Israel has amassed tanks and troops near the fenced border around the small coastal enclave for a planned ground invasion with the objective of annihilating Hamas, after several inconclusive wars dating to its 2007 seizure of power in Gaza.

"Two of our abductees are at home. We are not giving up on the effort to return all abducted and missing people," Netanyahu said in a statement released late Friday night.

"At the same time, we'll continue to fight until victory."

Abu Ubaida, a spokesperson for Hamas' armed wing, said the hostages were released in part "for humanitarian reasons" in response to Qatari mediation efforts.

Israeli Defence Minister Yoav Gallant said achieving Israel's objectives would not be quick or easy.

"We will topple the Hamas organisation. We will destroy its military and governing infrastructure. It's a phase that will not be easy. It will have a price," Gallant told a parliamentary committee.

He added that the subsequent phase would be more drawn out, but was aimed at achieving "a completely different security situation" with no threat to Israel from Gaza. "It's not a day, it's not a week, and unfortunately it's not a month," he said.

HEAVY BOMBARDMENT

The Orthodox Patriarchate of Jerusalem, the main Palestinian Christian denomination, said that Israeli forces had struck the Church of Saint Porphyrius in Gaza City, where hundreds of Christians and Muslims had sought refuge.
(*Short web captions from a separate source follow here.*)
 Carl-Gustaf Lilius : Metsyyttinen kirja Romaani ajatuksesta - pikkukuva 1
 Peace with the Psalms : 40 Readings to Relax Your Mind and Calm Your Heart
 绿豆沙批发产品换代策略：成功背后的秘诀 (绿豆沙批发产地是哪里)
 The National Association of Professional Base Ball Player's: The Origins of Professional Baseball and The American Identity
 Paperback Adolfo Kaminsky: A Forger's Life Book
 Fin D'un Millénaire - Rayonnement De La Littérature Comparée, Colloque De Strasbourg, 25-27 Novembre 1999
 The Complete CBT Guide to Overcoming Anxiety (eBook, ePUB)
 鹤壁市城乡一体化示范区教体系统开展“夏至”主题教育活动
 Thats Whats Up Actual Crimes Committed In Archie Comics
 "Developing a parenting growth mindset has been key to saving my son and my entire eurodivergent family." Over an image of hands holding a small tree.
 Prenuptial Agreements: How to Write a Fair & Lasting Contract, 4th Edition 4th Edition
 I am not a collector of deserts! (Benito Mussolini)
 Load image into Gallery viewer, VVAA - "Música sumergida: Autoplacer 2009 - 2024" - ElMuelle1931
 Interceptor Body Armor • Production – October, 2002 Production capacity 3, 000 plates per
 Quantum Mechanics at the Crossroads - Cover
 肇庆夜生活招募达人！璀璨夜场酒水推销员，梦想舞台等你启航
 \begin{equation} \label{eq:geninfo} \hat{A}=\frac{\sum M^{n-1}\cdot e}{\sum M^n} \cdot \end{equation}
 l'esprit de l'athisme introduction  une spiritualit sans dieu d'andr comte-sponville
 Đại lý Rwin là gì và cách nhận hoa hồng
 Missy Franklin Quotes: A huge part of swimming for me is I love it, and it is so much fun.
The Israeli military said part of the church was damaged in a strike on a nearby militant command centre.

Israel has already told all civilians to evacuate the northern half of the Gaza Strip, which includes Gaza City. Many people have yet to leave saying they fear losing everything and have nowhere safe to go with southern areas also under attack.

Asked if Israel had so far followed the laws of war in its response, U.S. Secretary of State Antony Blinken reiterated on Friday that Israel had the right to defend itself and make sure Iran-backed Hamas was not able to launch attacks again.

"It's important that operations be conducted in accordance with international law, humanitarian law, the law of war," he said.

The United Nations humanitarian affairs office said more than 140,000 homes - nearly a third of all homes in Gaza - had been damaged, with nearly 13,000 completely destroyed.

International attention has focused on getting aid to Gaza through the one access point not controlled by Israel, the Rafah crossing to Egypt.

Biden, who visited Israel on Wednesday, said he believed trucks carrying aid would get through in the next 24-48 hours.

U.N. Secretary-General Antonio Guterres toured the checkpoint on Egypt's side on Friday and called for a meaningful number of trucks to enter Gaza daily, and checks - which Israel insists on to stop aid reaching Hamas - to be quick and pragmatic.

Western leaders have so far mostly offered support to Israel's campaign against Hamas, although there is mounting unease about the plight of civilians in Gaza.

Many Muslim states, however, have called for an immediate ceasefire, and protests demanding an end to the bombardment were held in cities across the Islamic world on Friday.

In the Israeli-occupied West Bank, where violence has escalated since Israel began bombarding Gaza, Israeli troops shot dead a Palestinian teenager during clashes near the city of Jericho.

Since the Israel-Hamas war erupted, the borderlands between south Lebanon and northern Israel have also seen constant but so far limited clashes between the Israeli military and fighters from the Lebanese Shi'ite Islamist group Hezbollah.

The Israeli military said on Saturday a soldier had been killed by a missile attack on the Lebanese border, in a statement that did not elaborate on the exact time or location.